We divide this up into casework. The "directions" the bug can go are $\text{Clockwise}$, $\text{Counter-Clockwise}$, and $\text{Switching}$. Let an $I$ signal going clockwise (because it has to be in the inner circle), an $O$ signal going counter-clockwise, and an $S$ switching between inner and outer circles. An example string of length fifteen that gets the bug back to $A$ would be $ISSIIISOOSISSII$. For the bug to end up back at $A$, the difference between the number of $I$'s and $O$'s must be a multiple of $5$.

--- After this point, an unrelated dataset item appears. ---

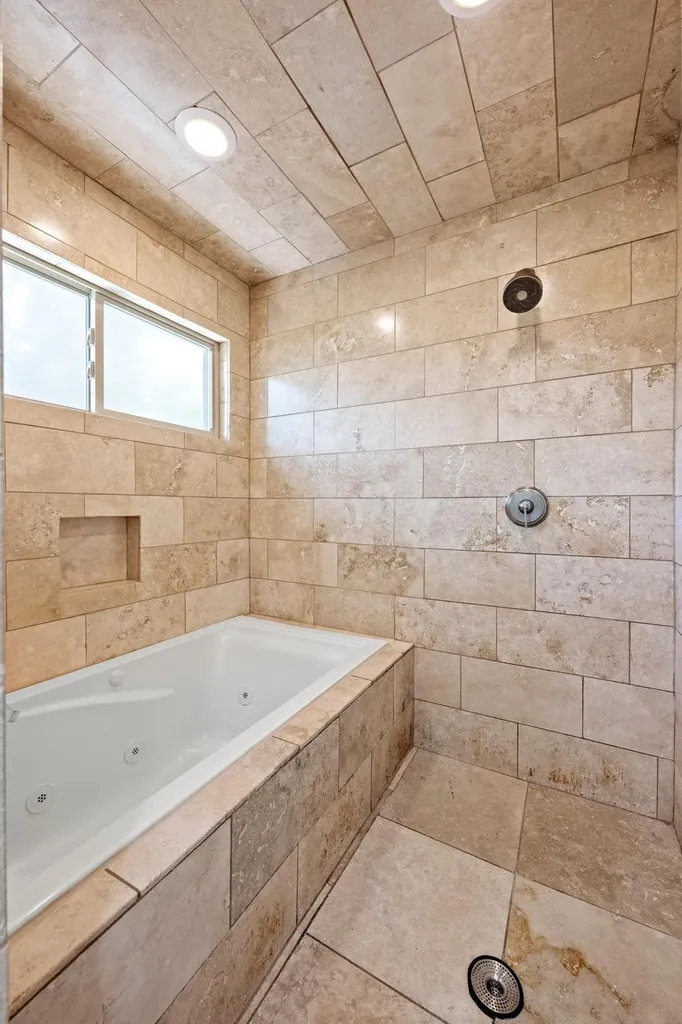 2307 Alta Vista Avenue Austin TX 78704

Case 1 -- There are 15 more $I$'s than $O$'s.
There is clearly $1$ way for this to happen.
Case 2 -- There are $5$ more $I$'s than $O$'s.
We split this case up into several sub-cases based on the number of $S$'s.
Sub-case 1 -- There are $10$ $S$'s and $5$ $I$'s.
Notice that the number of ways to order the $I$'s and $O$'s are independent assortments because the $I$'s must be in the "even" spaces between $S$'s (i.e. before the 1st $S$, between the 2nd and 3rd $S$'s, etc.), while the $O$'s must be in the "odd" spaces.
There are $6$ places to put the $I$'s (after the 0th, 2nd, 4th, 6th, 8th, and 10th $S$'s), and $4$ places to put the (0) $O$'s. We use stars and bars to get an answer of $\binom{10}{5}\binom{4}{0}$
Sub-case 2 -- There are $8$ $S$'s, $6$ $I$'s, and $1$ $O$.
Similarly and by using stars and bars, we get an amount of $\binom{10}{4}\binom{4}{1}$
All the other sub-cases are similar, with a total of $\binom{10}{5}\binom{4}{0}+\binom{10}{4}\binom{4}{1}+\cdots+\binom{10}{1}\binom{4}{4}=\binom{14}{5}=2002$ by Vandermonde's Identity.
Case 3 -- There are $5$ more $O$'s than $I$'s.
This case is similar to the other case.
Here is an example of a sub-case for this case.
Sub-case
There are $10$ $S$'s and $5$ $O$'s.
There are $\binom{9}{4}\binom{5}{0}$ ways to do this.
We can see now that the pattern is going to be $\binom{9}{4}\binom{5}{0}+\binom{9}{3}\binom{5}{1}+\cdots+\binom{9}{0}\binom{5}{4}=\binom{14}{4}=1001$.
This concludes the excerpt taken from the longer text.